「岡野(おかの)」
篠山市のほぼ中央に位置し、明治22年(1889)の町村制施行に伴って生まれました。風深(ふうか)、吹上(ふきがみ)、東岡屋、西岡屋、有居(ありい)、矢代(やしろ)、大野、今福、野尻、西浜谷、東浜谷にの11集落を含んだ旧村名です。「岡野」とは、岡屋の岡と大野の野をとって名づけられたといわれています。
「岡野」の名を学問的に広めたのは、明治37年(1904)4月7日6時30分ごろ、今福のお寺の裏山に落下した1個の隕石でした。「兵庫県災害誌」に次のように記されています。
「俄然空中に雷鳴のごとき凄然たる音響を聞くと同時に、一個の大球西方より飛び来り、同時にして巨砲を発したるが如き、響きありて震とうす……。」
隕石は、太陽系創世紀(約46億年前)に形成された地球外の岩石です。隕石はその成分から大別して石質隕石・石鉄隕石・隕鉄の3種類に分けられます。今福に落下したものは、化学分析の結果、太陽系の初期に大規模に溶けた微惑星のかけらであることが判明し、隕鉄「岡野号」と名づけられたのです。

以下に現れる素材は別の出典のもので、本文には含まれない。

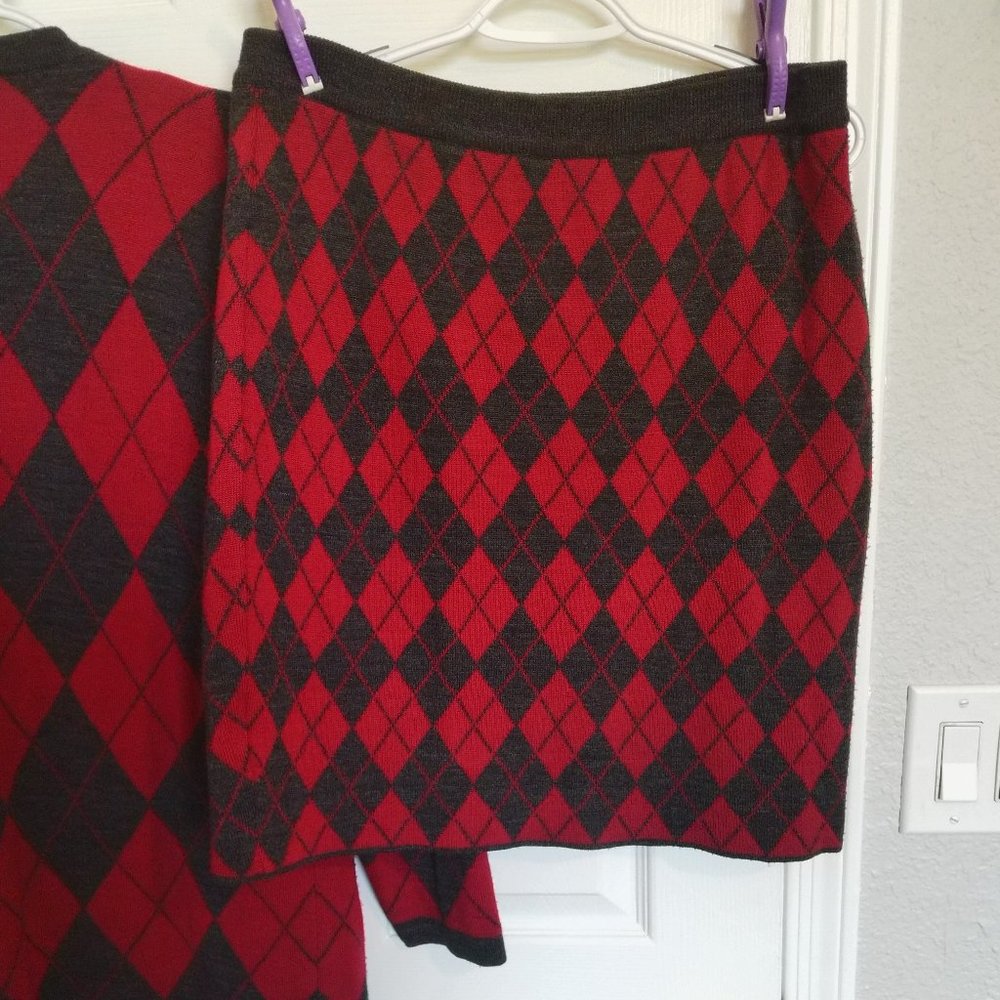 90s | VINTAGE!  WOOL Blend!   Long CARDI and SKIRT SET  L OUTSTANDING CONDITION! - Picture 8 of 10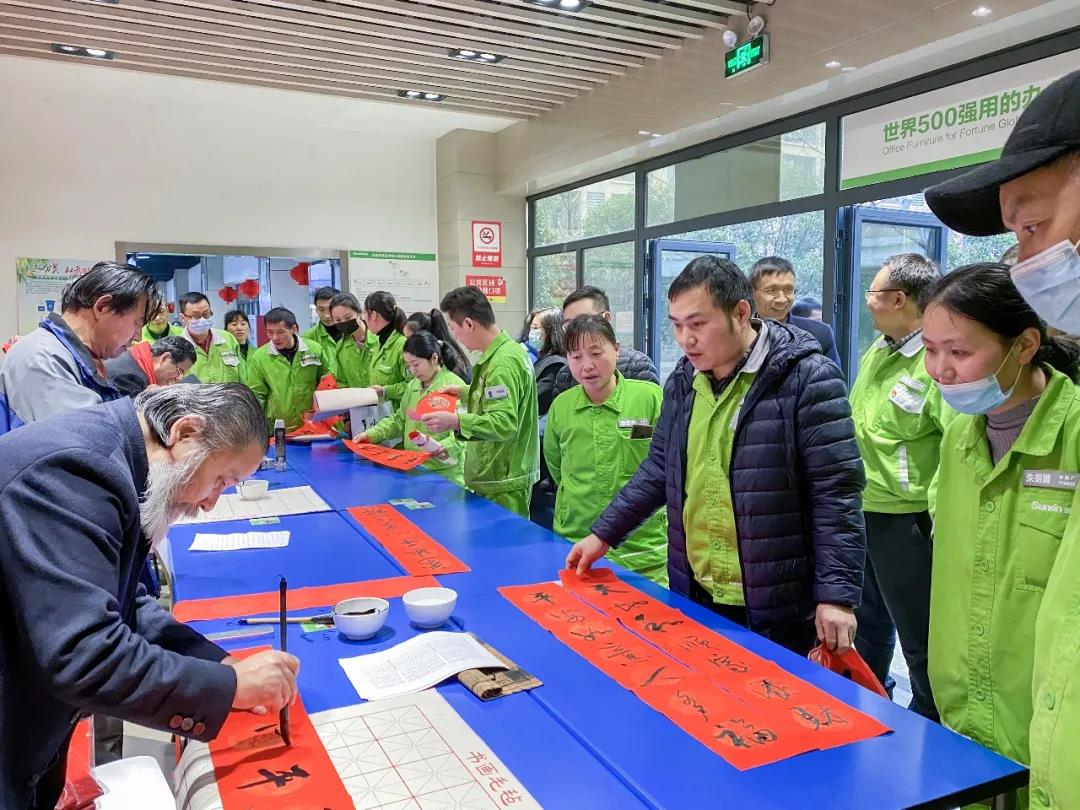 海寧市關工委、尖山新區總工會到戀尚家送春聯、送祝福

この「岡野号」の落下を目撃していた畑勝蔵さんたち3人は、落ちたと思われるお寺の裏山を探したところ、樫の木がさけているのを発見しました。その根元には直径約20センチ、深さ約80センチの穴があいており、黒煙が漂っておりました。3人は、尖った部分を上に向けて突き刺さっていた「岡野号」を掘り出したのでした。
落下については、当時の県庁職員や篠山署員、京都府の小学校教師らも目撃しており、落下の様子が明らかに観察されたのは、この「岡野号」だけと言われています。この隕鉄の大きさは、長径18センチ、短径12センチ、重さ4.74キロで、約95%が鉄だそうです。その後の研究でスライスされ、大英博物館とシカゴのフィールド博物館に「岡野号」の分身が保存されています。今では3.58キロと細身になりましたが、京都大学工学部の研究室でさん然と輝いています。